EXERCISE INSTRUCTIONS → Each line from the beginning of the entries below through the line that includes "Map preview of" must be returned exactly as given.
☆ ☆ ☆
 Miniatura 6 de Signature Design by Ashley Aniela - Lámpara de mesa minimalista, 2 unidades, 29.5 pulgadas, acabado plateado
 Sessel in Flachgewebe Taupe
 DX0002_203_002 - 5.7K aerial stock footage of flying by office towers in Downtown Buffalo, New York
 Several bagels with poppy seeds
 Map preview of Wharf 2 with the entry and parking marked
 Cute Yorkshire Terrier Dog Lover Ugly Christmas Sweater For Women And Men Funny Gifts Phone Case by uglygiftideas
☆ ☆ ☆
ANSWER FOR THIS EXERCISE →
 Miniatura 6 de Signature Design by Ashley Aniela - Lámpara de mesa minimalista, 2 unidades, 29.5 pulgadas, acabado plateado
 Sessel in Flachgewebe Taupe
 DX0002_203_002 - 5.7K aerial stock footage of flying by office towers in Downtown Buffalo, New York
 Several bagels with poppy seeds
 Map preview of Wharf 2 with the entry and parking marked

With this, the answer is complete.